WORK INSTRUCTIONS => Copy all records exactly, excluding images.

◆ ◆ ◆ ◆ ◆ ◆ ◆

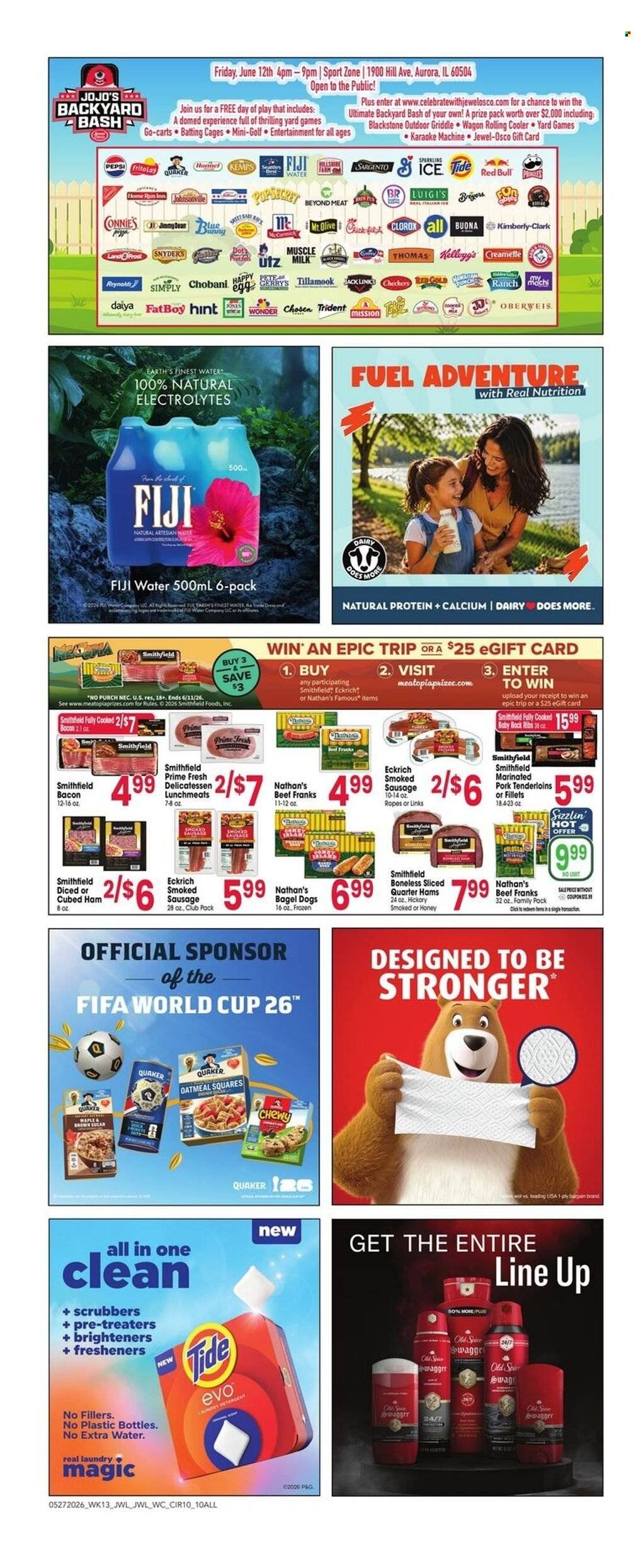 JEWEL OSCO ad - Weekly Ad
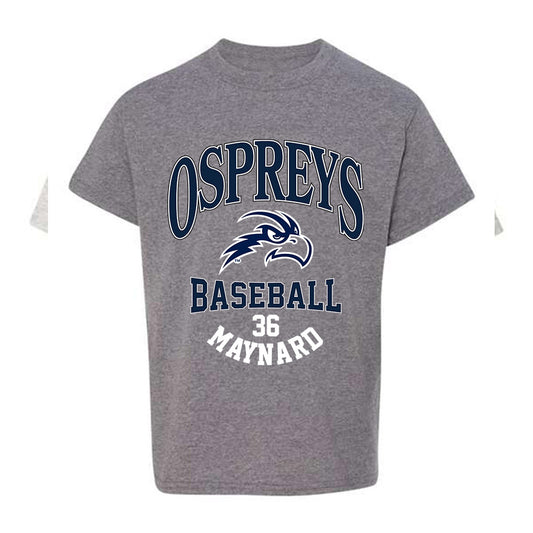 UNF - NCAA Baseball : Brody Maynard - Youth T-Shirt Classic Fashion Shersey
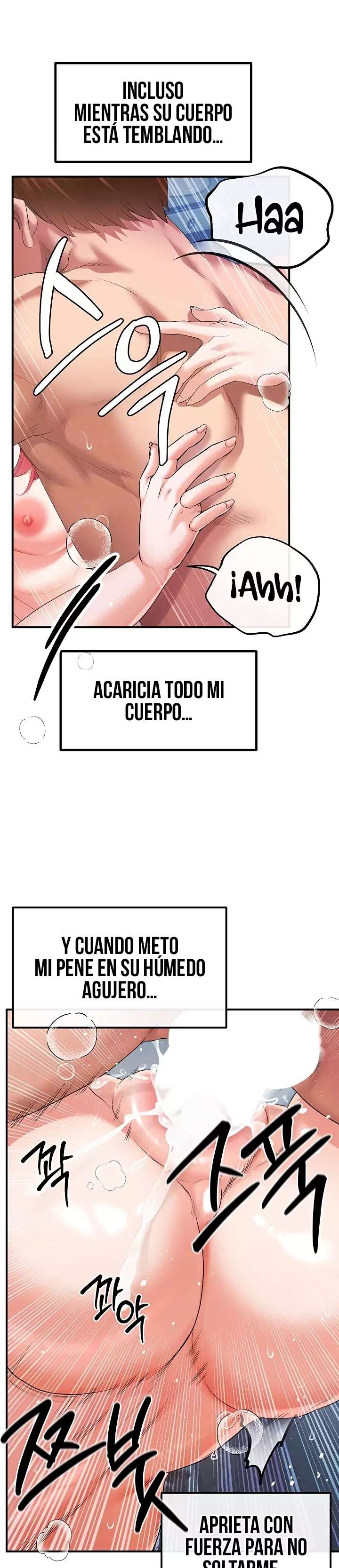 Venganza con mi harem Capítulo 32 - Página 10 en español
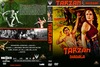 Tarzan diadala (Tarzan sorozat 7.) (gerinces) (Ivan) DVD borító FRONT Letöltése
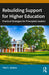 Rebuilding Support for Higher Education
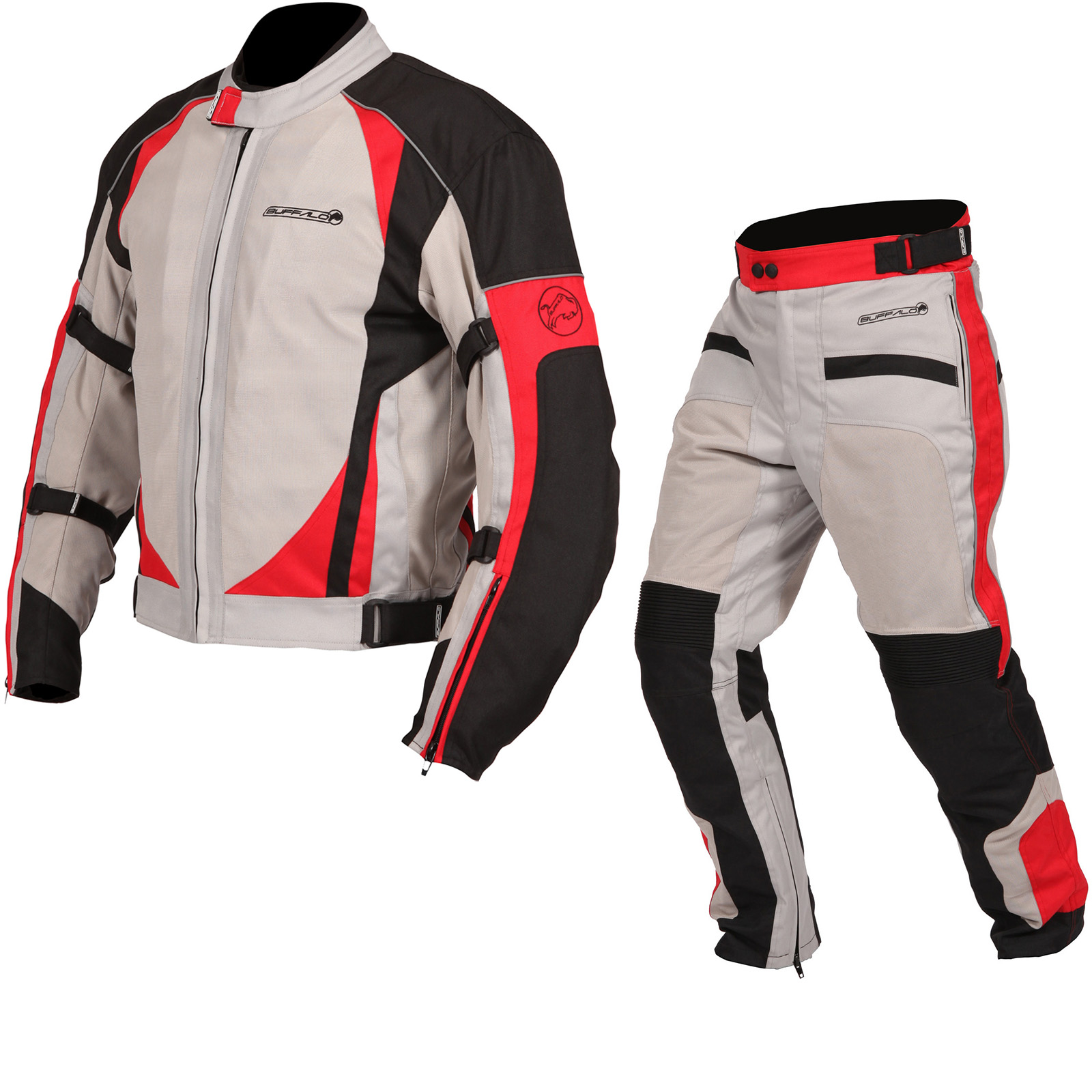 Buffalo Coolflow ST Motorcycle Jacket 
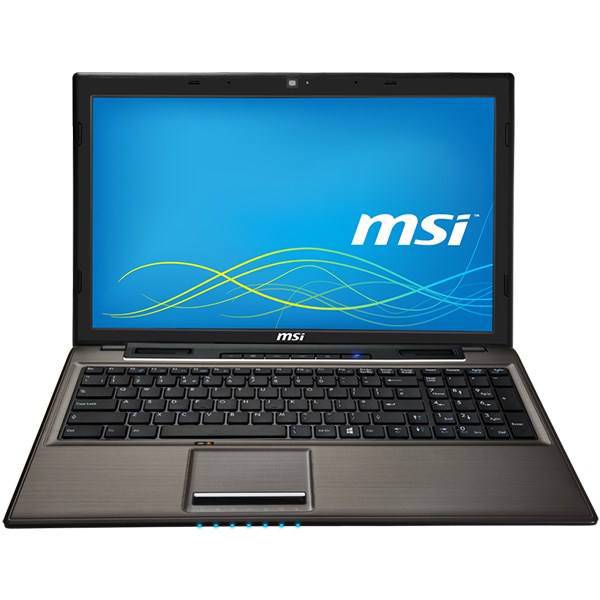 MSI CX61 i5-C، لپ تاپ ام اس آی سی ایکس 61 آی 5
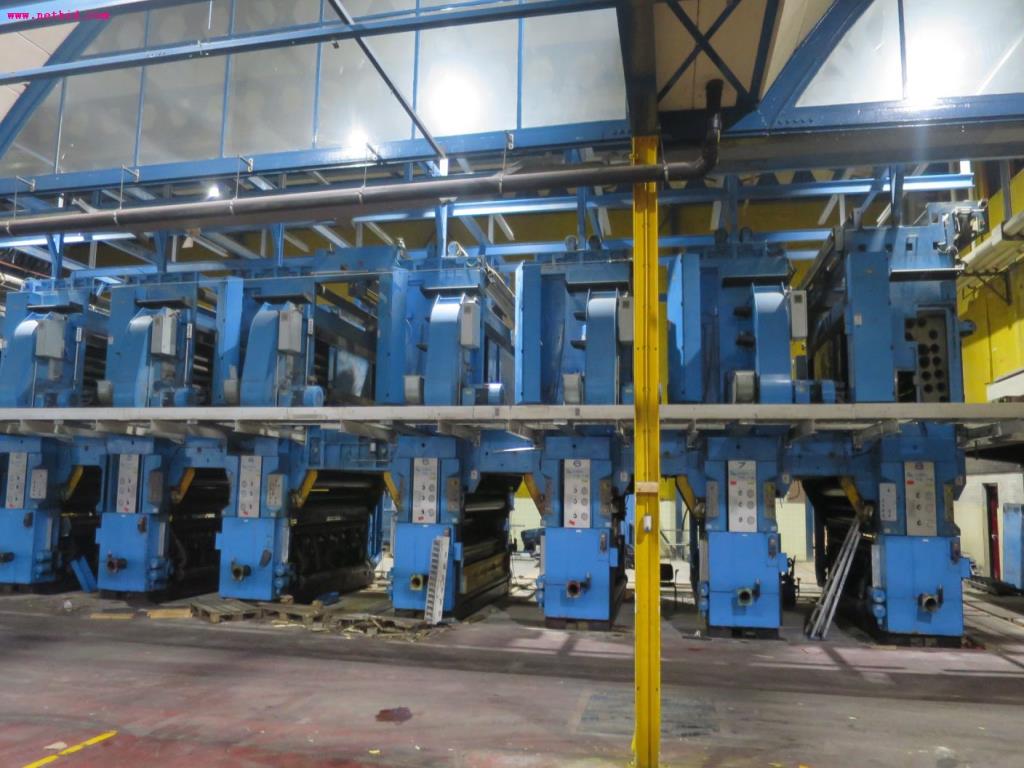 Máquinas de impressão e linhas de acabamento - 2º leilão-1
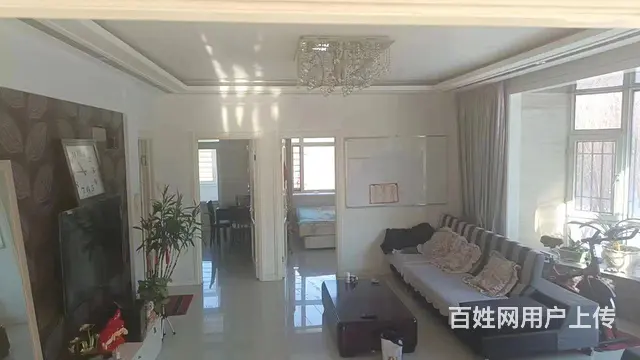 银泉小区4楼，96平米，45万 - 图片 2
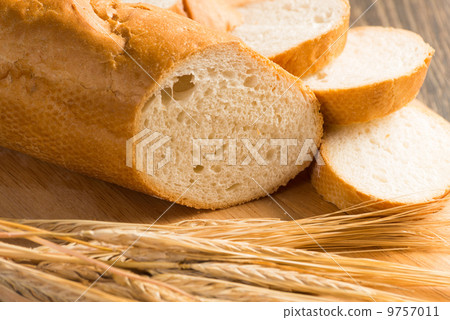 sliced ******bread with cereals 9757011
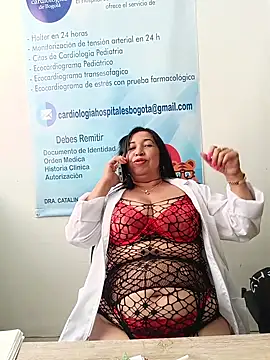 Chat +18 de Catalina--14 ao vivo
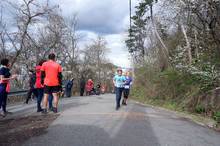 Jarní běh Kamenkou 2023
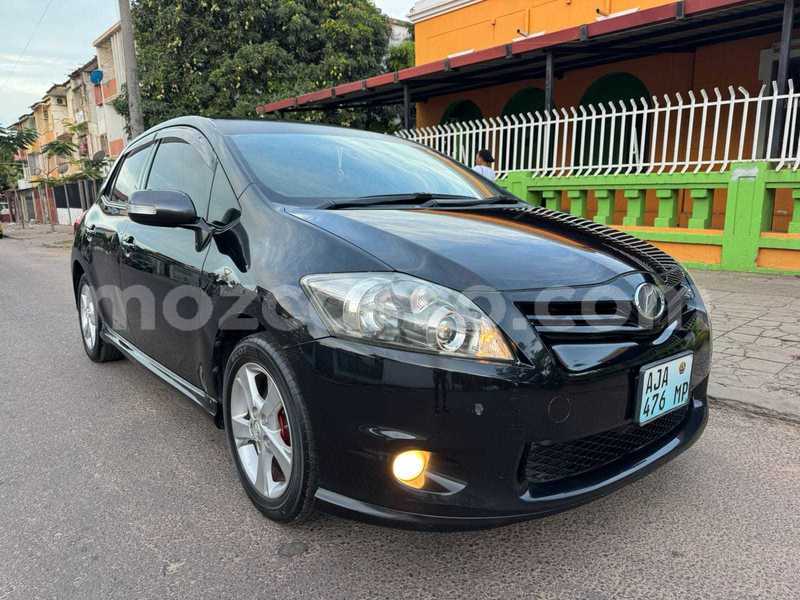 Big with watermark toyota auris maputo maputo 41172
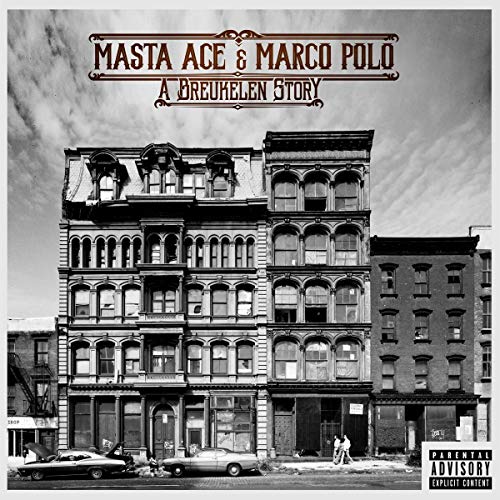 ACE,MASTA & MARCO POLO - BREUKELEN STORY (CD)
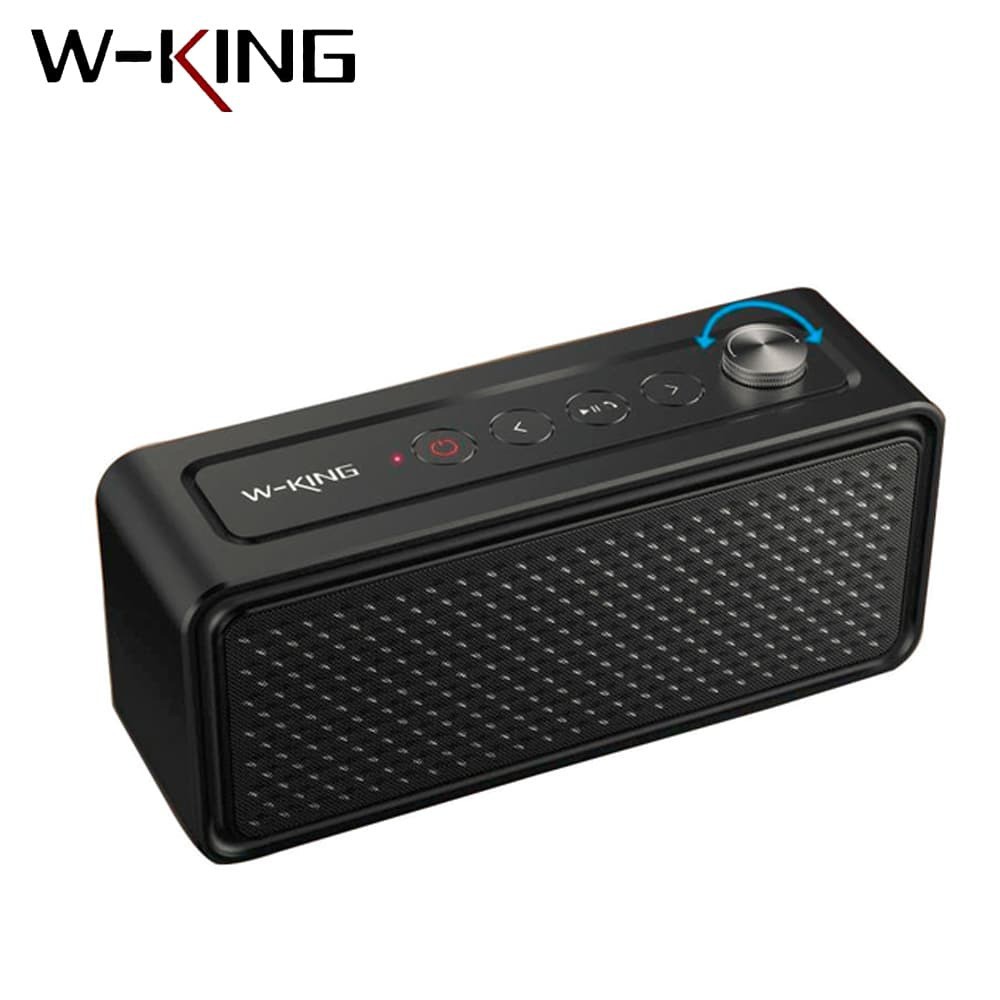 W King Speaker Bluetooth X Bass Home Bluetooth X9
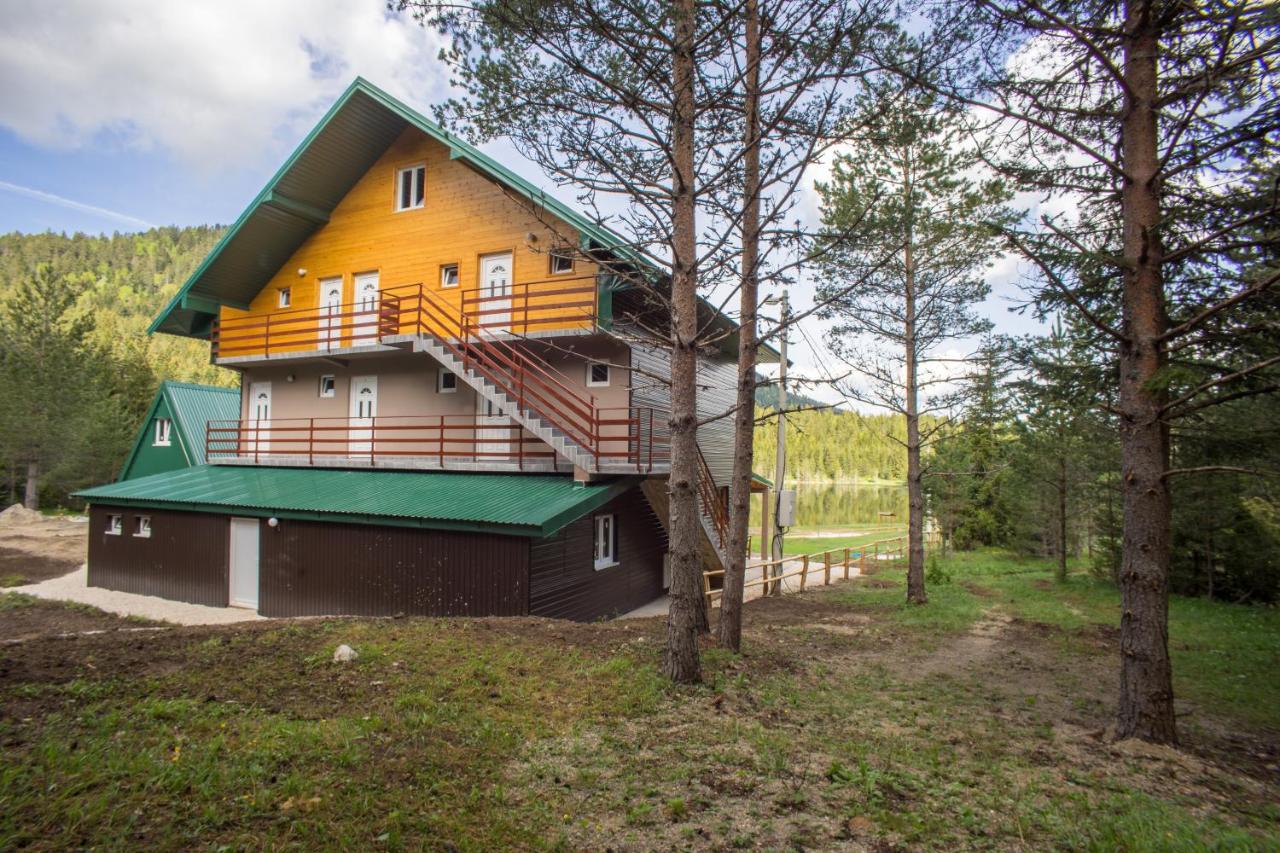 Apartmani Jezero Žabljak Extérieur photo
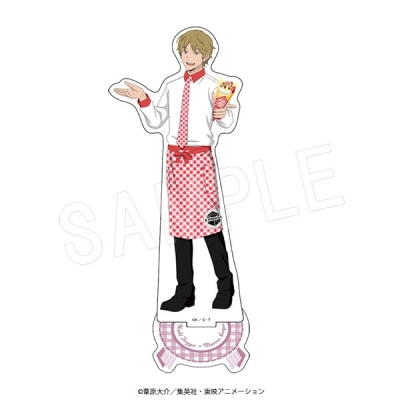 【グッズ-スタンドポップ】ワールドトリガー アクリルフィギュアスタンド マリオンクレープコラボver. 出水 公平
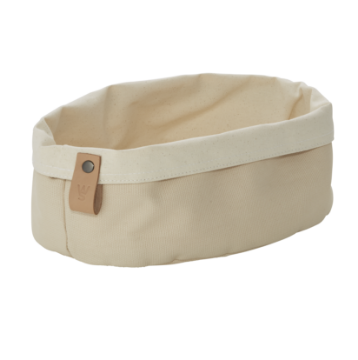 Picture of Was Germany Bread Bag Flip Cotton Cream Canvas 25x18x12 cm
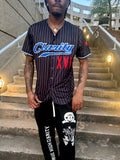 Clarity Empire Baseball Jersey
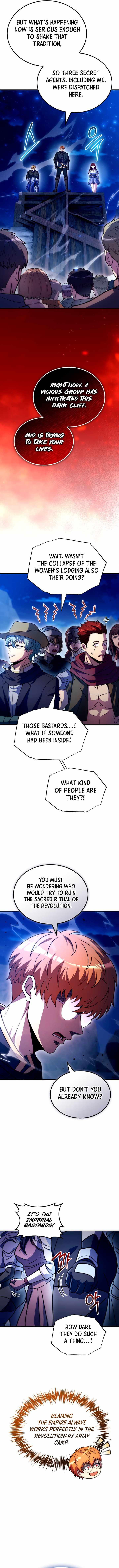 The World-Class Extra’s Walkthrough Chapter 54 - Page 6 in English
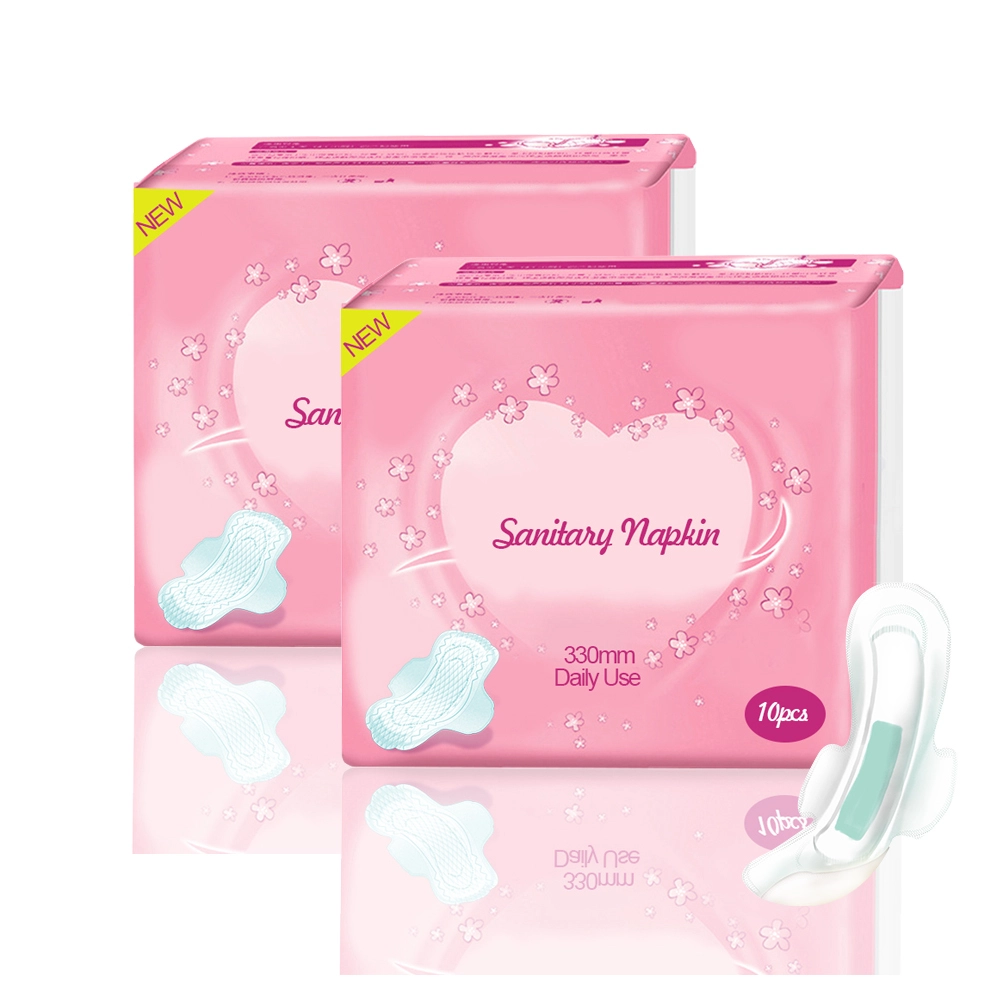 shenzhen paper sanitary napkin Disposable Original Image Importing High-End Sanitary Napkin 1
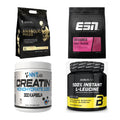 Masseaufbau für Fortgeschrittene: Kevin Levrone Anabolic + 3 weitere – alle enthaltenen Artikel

◆ ◆ ◆ ◆ ◆ ◆ ◆

COMPLETED EXERCISE =>
 JEWEL OSCO ad - Weekly Ad
 UNF - NCAA Baseball : Brody Maynard - Youth T-Shirt Classic Fashion Shersey
 Venganza con mi harem Capítulo 32 - Página 10 en español
 Tarzan diadala (Tarzan sorozat 7.) (gerinces) (Ivan) DVD borító FRONT Letöltése
 Rebuilding Support for Higher Education
 Buffalo Coolflow ST Motorcycle Jacket 
 MSI CX61 i5-C، لپ تاپ ام اس آی سی ایکس 61 آی 5
 Máquinas de impressão e linhas de acabamento - 2º leilão-1
 银泉小区4楼，96平米，45万 - 图片 2
 sliced ******bread with cereals 9757011
 Chat +18 de Catalina--14 ao vivo
 Jarní běh Kamenkou 2023
 Big with watermark toyota auris maputo maputo 41172
 ACE,MASTA & MARCO POLO - BREUKELEN STORY (CD)
 W King Speaker Bluetooth X Bass Home Bluetooth X9
 Apartmani Jezero Žabljak Extérieur photo
 【グッズ-スタンドポップ】ワールドトリガー アクリルフィギュアスタンド マリオンクレープコラボver. 出水 公平
 Picture of Was Germany Bread Bag Flip Cotton Cream Canvas 25x18x12 cm
 Clarity Empire Baseball Jersey
 The World-Class Extra’s Walkthrough Chapter 54 - Page 6 in English
 shenzhen paper sanitary napkin Disposable Original Image Importing High-End Sanitary Napkin 1
 Masseaufbau für Fortgeschrittene: Kevin Levrone Anabolic + 3 weitere – alle enthaltenen Artikel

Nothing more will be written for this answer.